[draft] Anti-sistema, ou anti-decência?

1. CHEGA

Os Açores fazem-se representar na Assembleia da República por cinco deputados — todos homens.

Um deles é Miguel Arruda, do CHEGA. Será um nome desconhecido da maioria dos açorianos e é praticamente omisso no que toca à imprensa, mas é importante prestar atenção ao que publica no (ex-)Twitter.

Em publicações de 29 de dezembro e, novamente, a 2 de janeiro, Arruda considera ser “um preso político” alguém que foi recentemente condenado a 2 anos e 10 meses de pena de prisão efetiva, por propor a “prostituição forçada das gajas do Bloco”. Acresce que o condenado tem uma “longa e persistente carreira criminal” — que remonta a 10 de julho de 1995, noite em que um grupo de neonazis assassinou Alcindo Monteiro.

Este criminoso pediu a Musk que intercedesse junto da administração Trump para que lhe fosse concedido asilo político na embaixada estadunidense em Lisboa. Não tardou até que Arruda viesse ao auxílio, escrevendo I am a member of the Portuguese parliament and I can say with certainty that [he] is a political prisoner. @elonmusk.

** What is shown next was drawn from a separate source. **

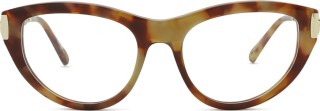 Chloé CH0352O 002 53 Przód produktu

Num momento ímpar do patriotismo que tanto apregoa, o deputado considerou que fazia sentido a ingerência de um país terceiro no cumprimento de uma sentença de um Tribunal português. De caminho, mostrou o respeito que tem pela separação de poderes: Arruda julga-se no direito de, enquanto deputado, decidir que sentenças da Justiça são razoáveis.

Como pode a imprensa regional ter deixado passar em claro esta conduta de um deputado eleito?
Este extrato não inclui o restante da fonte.